The UK Government has officially unveiled its Spring Budget, with a whole host of spending commitments for the electrical industry included.
In a series of articles on Electrical Review, we plan to share both the industry’s reaction as well as the top announcements from the Spring Budget, which was unveiled on March 15.
In this part one, we will detail the UK Government’s renewed commitment to offering energy bill support for UK households. However, there’s more to come, the first batch of articles will be available today (March 17), but you’ll be able to get the final articles next week.
Renewed support for energy bills
Arguably the biggest impact on consumers of electricity in the UK will be the renewed support the UK Government is planning to give for energy bills. While Chancellor Jeremy Hunt had initially announced that the UK Government would reduce its support, hours before the Spring Budget was formally announced, the Treasury confirmed that it would be continuing the current level of support.
That means households across the UK would continue to have their energy bills capped, with the average household expected to pay no more than £2,500 per year. This was initially expected to increase to £3,000 a year, but industry lobbying forced the Government into a u-turn.
The reasoning behind the Government’s change of heart comes thanks to a reduction in the wholesale cost of electricity, which has been declining since the peaks we saw last year. That has meant that the policy has cost the UK Government less than initially expected, allowing it to have more headroom to expand the current level of support.
However, the UK Government did also confirm that all support would cease at the end of June, although Ofgem’s price cap should have dropped to below the Government’s level of support by then. Cornwall Insight has estimated that Ofgem will set the cap at around £2,200 for the July-September period, increasing slightly in the October-December period to £2,241.
In addition to the UK Government’s extension for the current level of energy bill support, Jeremy Hunt also confirmed that community swimming pools up and down the country would benefit from additional support. Given the high cost of keeping swimming pools heated, there have been worries in some communities across the UK that councils would be forced to close their swimming pools due to spiralling energy bills. Now the UK Government is coming to the rescue.

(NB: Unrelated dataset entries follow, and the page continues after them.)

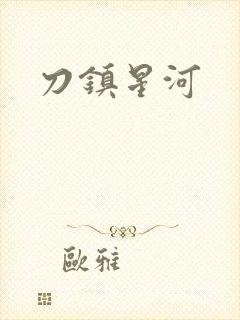 刀镇星河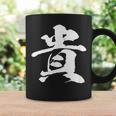 【貴】一文字 文字入り 漢字 おもしろ 面白い 日本語 毛筆 書道 筆文字 言葉 和柄 日本 かっこいい お土産 文字 コーヒーマグ ギフトのアイデア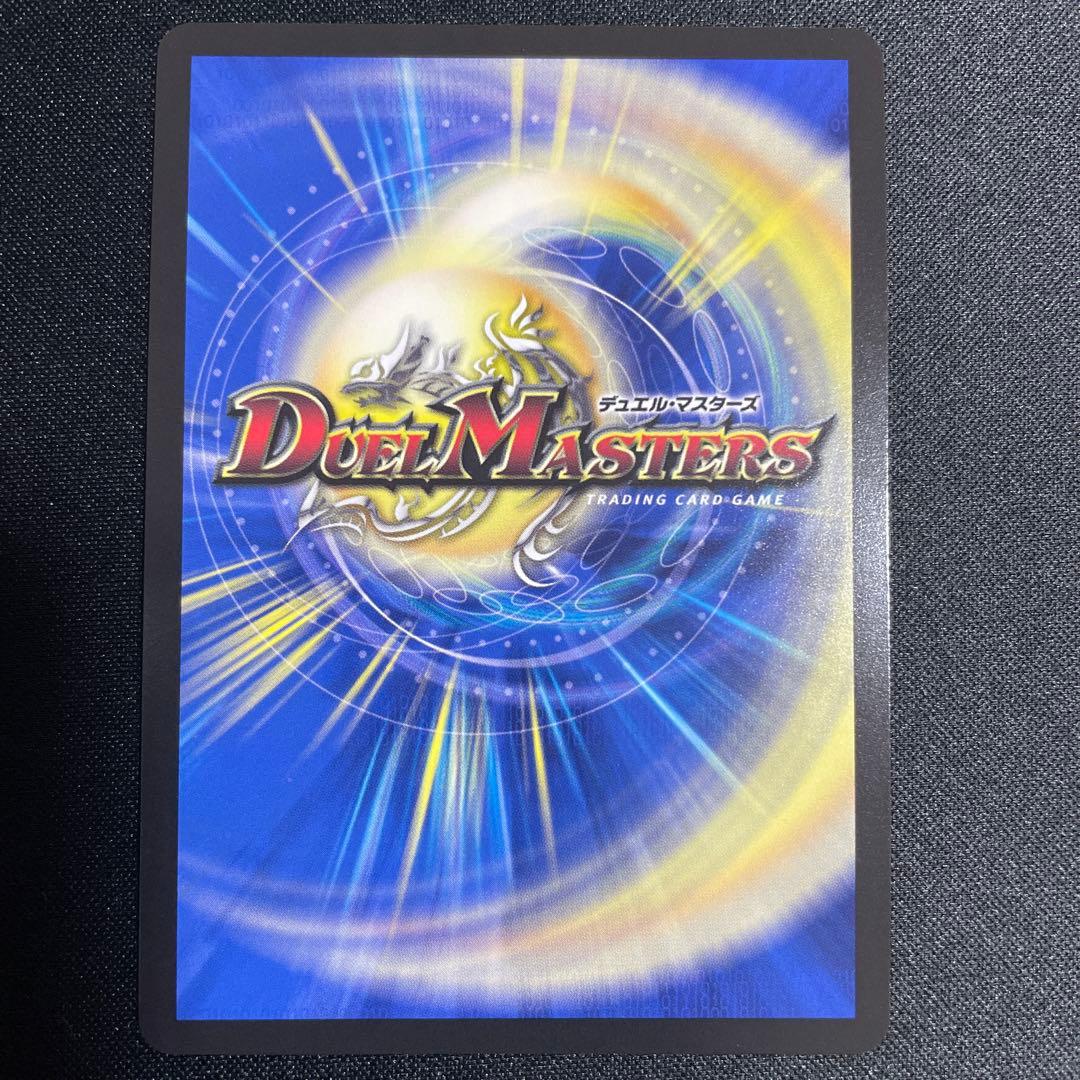 偽りの月インターステラ シークレット サイン 月ノ美兎　にじさんじ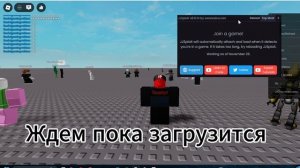 Лучший чит на роблокс JJSploit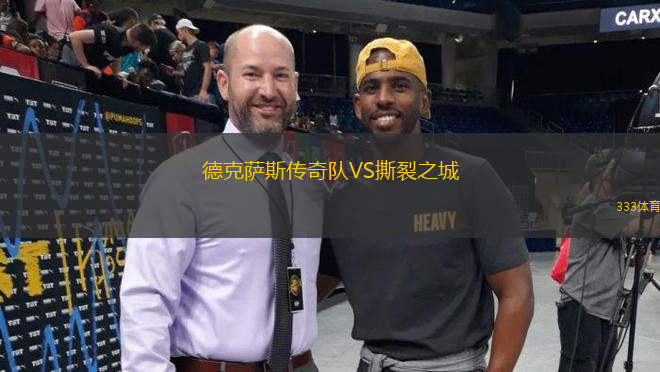 德克薩斯傳奇隊(duì)VS撕裂之城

The support for leisure centres comes in the form of a £63 million funding pot, which will not only go towards heating bills but also to help those leisure centres improve their energy efficiency – meaning their future energy bills are lower.
Businesses will also benefit from a reduction to their bills, as long as they continue to take part in the Climate Change Agreement scheme, which has been extended for a further two years.
The scheme offers businesses a discount on the Climate Change Levy, a tax added to electricity and fuel bills, in exchange for commitments to reduce their energy use and carbon dioxide emissions.
However, the UK Government did not announce any amendments to the upcoming planned changes to the Energy Bill Discount Scheme, which is offered to non-domestic energy users. This could mean many businesses across the UK see their energy bills begin to tick back up.
Robert Buckley, Head of Relationship Development at Cornwall Insight, commented, “Once again, a UK budget has seen some significant energy policy announcements that will stir up conversation and opinion across the country. It also shows how reining in energy prices is seen as key to restraining inflation.
“The pre-budget announcement to maintain the Energy Price Guarantee at £2,500 had already brought much-needed clarity to energy suppliers and no doubt relief for many households.2 The additional announcement that charges for prepayment meters will be aligned with comparable direct debit charges from April 1, 2024, will further help, and we wait to see more detail on the implementation.
“Many businesses, like households, are struggling with high energy bills, and today’s statement that Climate Change Agreements will be extended by two more years from April 1, 2025, and that swimming pools and community groups will be getting access to a relief pot will be welcome news to those eligible. However, many will be left disappointed that there were no adjustments to the less supportive Energy Bill Discount Scheme due to take effect from the start of next month. While households have general support for another three months, the expectation is clear that the vast majority of users will once again see their energy bills driven by the market from the summer.”